The Salvadoran Air Force first saw action in the 1969 Football War against Honduras equipped with F4U Corsairs and P-51 Mustangs. From the late 1970s, isolated guerilla actions rapidly developed into a civil war. US aid to El Salvador in 1980 consisted of six UH-1Hs and four in 1981; they were used as gunships. Other deliveries brought that number of UH-1Hs in service up to 40. In February 1982 onwards the United States delivered eight A-37B Dragonflies, 12 UH-1Hs, four O-2As and three C-123Ks. On 6 May 2013, in celebration of the 189th anniversary of the Armed Forces of El Salvador, the Salvadoran Government announced the planned purchase of 10 A-37 aircraft from Chile.
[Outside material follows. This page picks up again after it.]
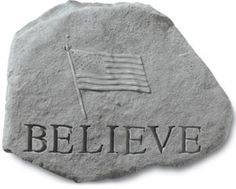 a stone with the words believe and an american flag on it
A four-engined Douglas DC-6B provided long-range logistical capability between 1975 and its retirement in 1998. It was used on supply flights to and from the United States. In December 1984, two AC-47s were delivered to be in service with the other three C-47s in use. The civil war ended in mutual exhaustion in 1990 and the Air Force was geared for internal security.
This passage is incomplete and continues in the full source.